Cesena, 1 agosto 2020 - Prima le buone notizie, come si suol dire. Da quando sono stati installati i T-red, gli occhi elettronici in grado di immortalare chi passa col semaforo rosso o chi si ferma dopo la linea di arresto (con annesse polemiche: è davvero così rischioso?), le infrazioni si sono ridotte sensibilmente. Siamo passati, dicono le stime della Polizia Locale, da picchi di 20-38 transiti all’ora con il rosso, registrati in varie zone della città prima di passare alla linea dura, a meno di due violazioni al giorno nei quattro semafori che da circa due mesi sono monitorati e producono multe a iosa.

Ed ecco le brutte notizie per gli automobilisti. I primi dati, a poco più di due mesi dall’accensione degli impianti, parlano di quasi 20 infrazioni fotografate al giorno, per un totale di 1.261 multe recapitate, suddivise tra il superamento della linea di arresto (915 infrazioni in 64 giorni, multa da 41 a 160 euro e due punti in meno sulla patente) e veri e propri passaggi col rosso (346 infrazioni, multa da 163 a 646 euro e sei punti in meno).
Il ‘jackpot’ , che tiene conto della sanzione minima e non tiene conto del pagamento anticipato, dunque scontato, ma neanche delle morosità, fa quasi 94mila euro in due mesi.
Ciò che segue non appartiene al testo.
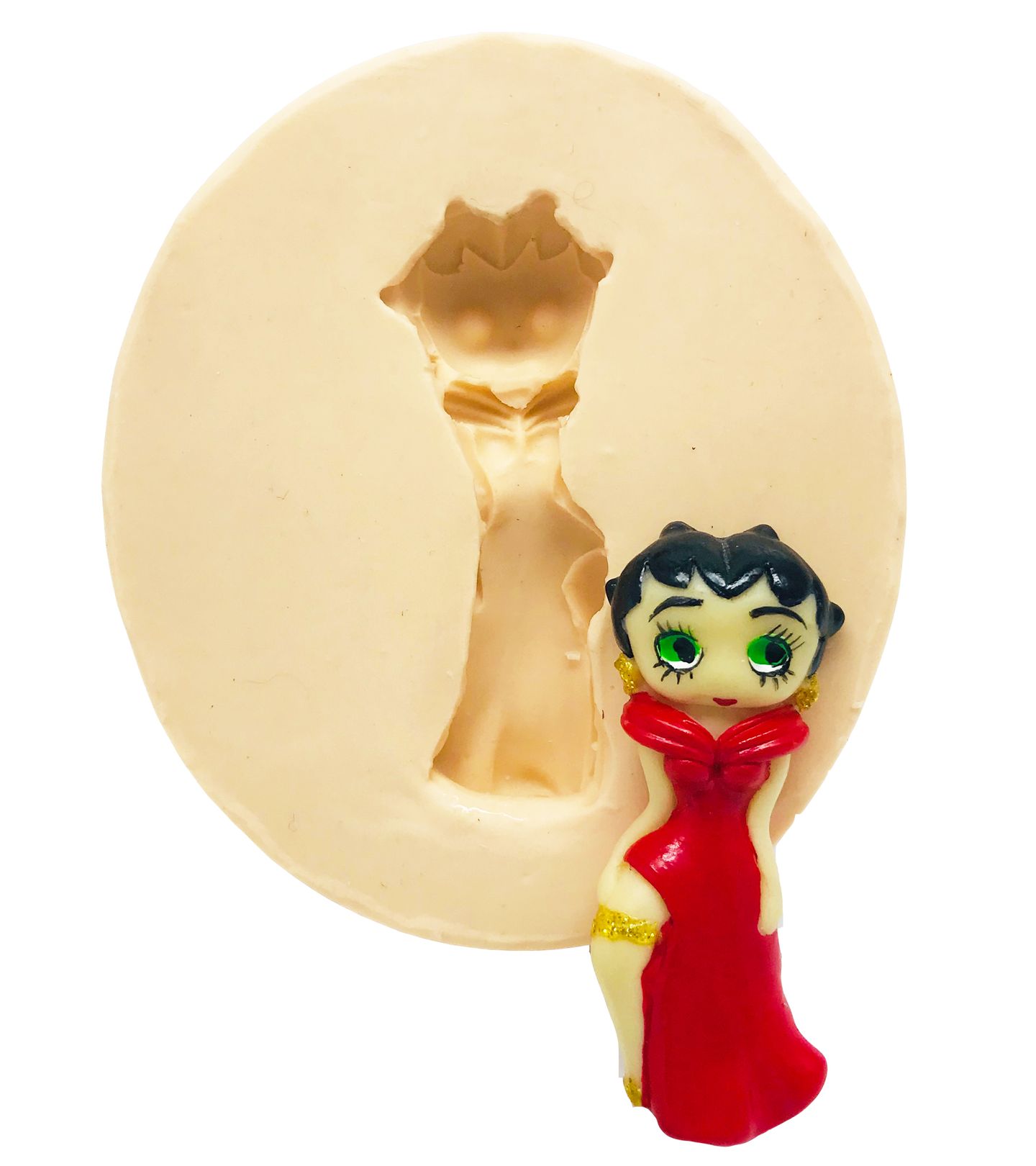 Betty Boop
Quasi 1.500 euro al giorno. Il D-day, molti lo ricordano amaramente, è scattato il 25 maggio scorso.
Da quella data sono inziate le multe, su tre semafori della via Emilia (e presisamente tra viale Bovio e corso Cavour in direzione Rimini; viale Oberdan e corso Cavour, direzione Forlì; viale Marconi e via Marzolino, direzione Rimini) e su un ulteriore semaforo tra via Padre Vicinio da Sarsina e via don Minzoni, direzione Rimini.
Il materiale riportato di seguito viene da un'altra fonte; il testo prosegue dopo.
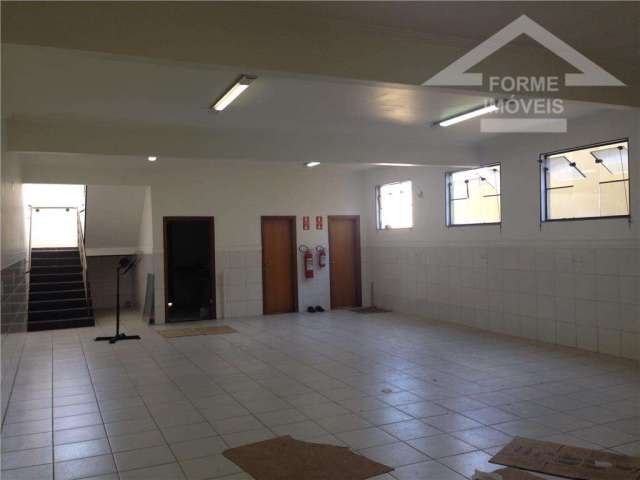 Prédio para alugar de 300 m2 na rua messina - jundiai/sp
Le statistiche sono interessanti. Ci dicono che, nella stragrande maggioranza dei casi, a generare multe è l’incrocio tra la via Emilia e Corso Cavour (915 multe in due mesi), ma che se per il superamento della linea sono nettamente in testa gli automobilisti che vanno verso Rimini (616 infrazioni su di 915), a bruciare il rosso pare venga meglio in direzione Forlì (121 multe su 346). La resa economica è di tutto rispetto: in 64 giorni soltanto quell’incrocio ha potenzialmente generato una cifra superiore ai 63mila euro. Quasi mille euro al giorno. Seguono, per numero di multe, l’altro incrocio monitorato sulla via Emilia (141 superamenti della linea e 74 rossi bruciati) e da ultimo l’incrocio tra via Padre Vicino da Sarsina e via don Minzoni (69 superamenti della linea e 62 rossi bruciati). E la mappa si arricchirà presto di un ulteriore occhio, quello all’ex Zuccherificio, tra viale Europa e via Machiavelli, pronto ad essere acceso. C’è da stare attenti, partendo da un innegabile dato: le multe fanno male al portafoglio, e bruciare un rosso troppo spesso può costarci la vita.